**INPUT DATA:**
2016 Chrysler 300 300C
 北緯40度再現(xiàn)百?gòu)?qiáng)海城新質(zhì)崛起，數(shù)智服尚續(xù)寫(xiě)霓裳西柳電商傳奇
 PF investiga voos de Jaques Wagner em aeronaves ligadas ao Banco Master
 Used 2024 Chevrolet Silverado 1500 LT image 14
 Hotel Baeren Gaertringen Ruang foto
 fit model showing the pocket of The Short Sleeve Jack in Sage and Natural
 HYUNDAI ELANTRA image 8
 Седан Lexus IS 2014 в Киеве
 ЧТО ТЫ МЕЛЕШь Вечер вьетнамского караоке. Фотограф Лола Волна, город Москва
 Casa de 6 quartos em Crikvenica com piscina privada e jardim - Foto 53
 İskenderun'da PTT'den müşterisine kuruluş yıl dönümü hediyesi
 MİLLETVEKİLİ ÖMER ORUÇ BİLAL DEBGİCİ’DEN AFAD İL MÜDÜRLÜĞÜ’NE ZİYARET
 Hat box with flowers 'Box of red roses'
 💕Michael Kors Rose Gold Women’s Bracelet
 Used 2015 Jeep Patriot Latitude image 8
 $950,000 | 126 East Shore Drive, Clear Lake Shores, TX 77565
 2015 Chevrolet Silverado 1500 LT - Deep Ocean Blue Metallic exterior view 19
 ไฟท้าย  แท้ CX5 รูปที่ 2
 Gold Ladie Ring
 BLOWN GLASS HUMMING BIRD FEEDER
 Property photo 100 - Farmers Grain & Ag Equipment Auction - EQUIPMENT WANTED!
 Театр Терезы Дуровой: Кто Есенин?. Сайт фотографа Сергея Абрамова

**ACTIVITY:**
Copy nothing except the lines from the one holding "2015 Chevrolet Silverado" through the last line of the data above, and return them exactly.

**WRITTEN SOLUTION:**
 2015 Chevrolet Silverado 1500 LT - Deep Ocean Blue Metallic exterior view 19
 ไฟท้าย  แท้ CX5 รูปที่ 2
 Gold Ladie Ring
 BLOWN GLASS HUMMING BIRD FEEDER
 Property photo 100 - Farmers Grain & Ag Equipment Auction - EQUIPMENT WANTED!
 Театр Терезы Дуровой: Кто Есенин?. Сайт фотографа Сергея Абрамова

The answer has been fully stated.